The need to connect and collaborate with local researchers is vital, she adds. “It allows them to tell their region’s story.”
Chef Albert Ponzo of the Royal Hotel in Prince Edward County shared his journey to learning about terroir, and how working at one of Toronto’s top restaurants for over ten years shaped his current outlook on food just as much as his cooking style. He’s a farm-to-table advocate through and through and steadfast supporter of 100km foods, Slow Food, the Feast On program by the Ontario Culinary Tourism Alliance and the man behind “Pigstock”, a collaborative dinner where the wooly mangalitsa pig - a heritage breed whose meat rivals the marbling of the best kobe beef - takes centre stage.
In the morning, I attended a wine tasting titled “Women in Wine” and loved every single minute of it. Along with copious (and often hilarious) notes on my sheet for each of the 11 wines we sampled, I scribbled stars next to the names of the female winemakers who shared stories of working in the fields, wineries and places where they sell their bottles. I may have daydreamed about working alongside these winemakers someday!
I really did enjoy sampling an amazing variety of Canadian wines - almost as much as writing about it. I wrote things like “Very good! Traces of apple?” for a glass of sparkling wine, “Great for summer BBQ” on a crisp riesling, “Spice scented” and “I could smell that all day” for a wine made of gamay grapes from Niagara-on-the-Lake. It had a bit of a floral nose to it, but tasted like a strong, full-bodied red wine.
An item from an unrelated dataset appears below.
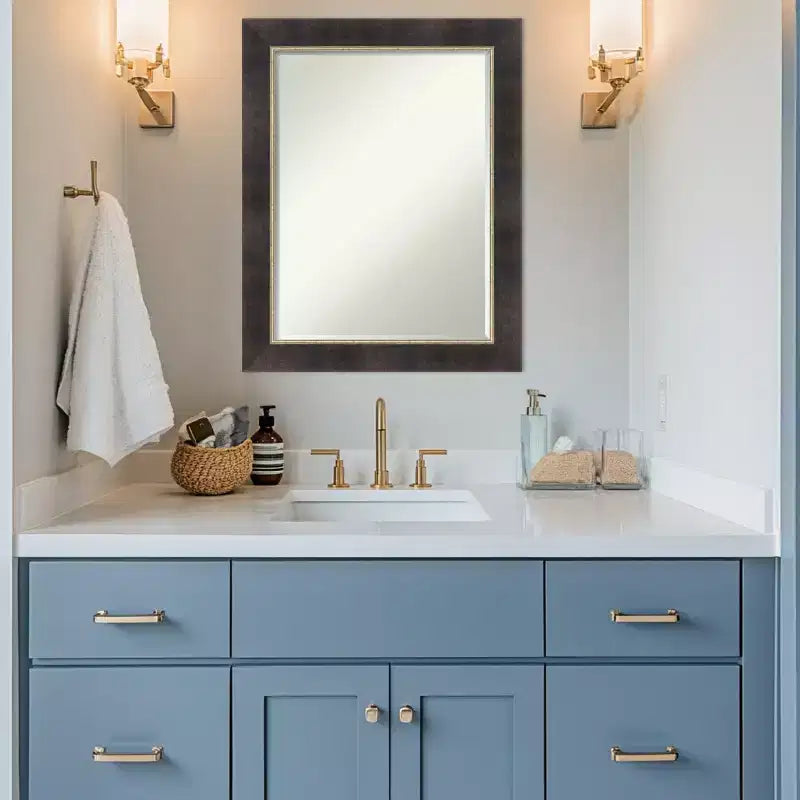 Miroir mural de salle de bain en bois biseauté, petite taille, bronze antique, 28,75 x 22,75 po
I also definitely thought about Filipino dishes that I’d love to pair with those wines.
My next tasting was called “The Great Ontario Craft Brew” and, as you can guess, I loved every minute of that too. The most important thing I learned was that you could grow all the ingredients to make beer within Ontario. Amazing!
Rob Morra from Beau’s All Natural Brewing Co. (located in Vankleek Hill, Ontario) and Peter Bulut from Great Lakes Brewery (located 10 minutes from where I live) led the workshop, where they debuted the very special “Yours to Discover” beer - a highly drinkable, collaborative brew between GLB and Beau’s, created just for Terroir 2018. (There really is a lot to discover in Ontario!)
For this beer, they talked about sourcing wild yeast from apples grown near Guelph, Ontario, then using that yeast to inoculate (or jump-start) the process of making beer. No wonder it tasted a bit like caramel and bananas - I guess the fruitiness of yeast swabbed from apples really took hold!
Someone asked how Rob and Peter felt about the amount of craft brewers starting their own businesses. “Does the space feel crowded at all?” he asked. They both laughed and basically said that collaboration kind of grows organically among brewers. “It helps that we all love to drink!” Peter quipped. “Our competitors aren’t other brewers, but really those consumers that we need to ‘win over’ from the big four (mainstream beers).”
I sampled a range of beer styles, from lagered ales (malty with a somewhat creamy mouthfeel), pale ales (a tinge of spicy), a drinkable summer pilsner, beers aged in wine barrels, farmhouse ales (with notes of sourness and an earthy aroma that reminds you of a barn).
At Beau’s, Rob talked about how they’ve had a designer on board since they launched in 2006; they knew that how their beer looked on a shelf would play an important part in their success - and in telling their story. And in selling beer!